■ **Directions**
Nothing but the text belongs in the answer: the listing below, copied exactly, without pictures.

■ **Provided data**
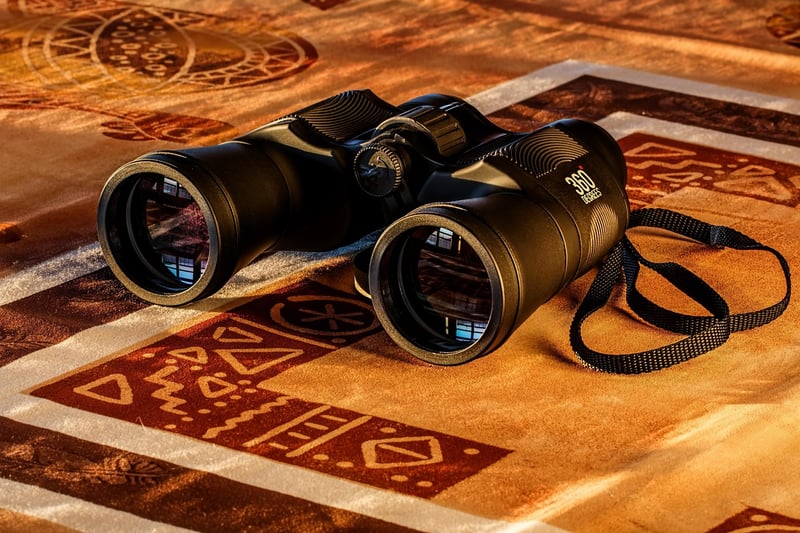 Future Vision Quests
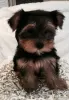 Zdjęcie №1. yorkshire terrier - na sprzedaż w Strasbourg | negocjowane | Zapowiedź №10211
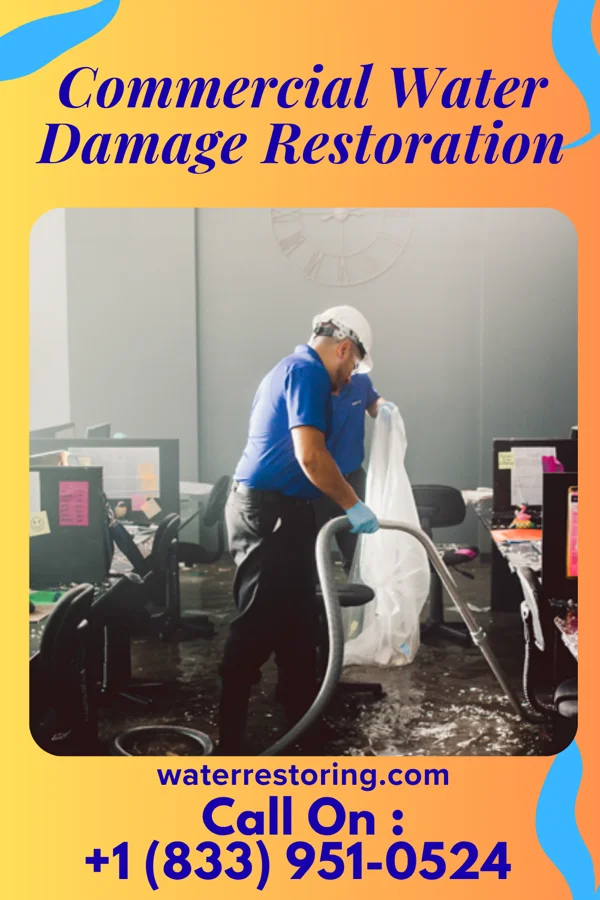 Commercial Water Damage Restoration in Firthcliffe, NY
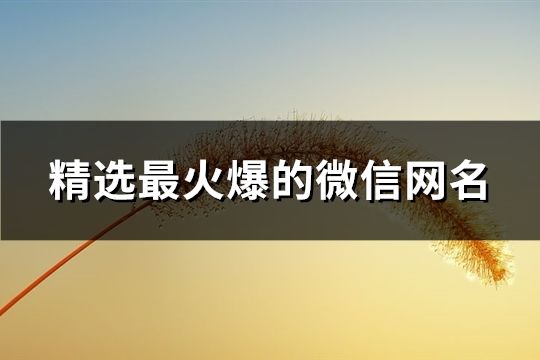 精选最火爆的微信网名(共129个)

■ **Answer area**
 Future Vision Quests
 Zdjęcie №1. yorkshire terrier - na sprzedaż w Strasbourg | negocjowane | Zapowiedź №10211
 Commercial Water Damage Restoration in Firthcliffe, NY
 精选最火爆的微信网名(共129个)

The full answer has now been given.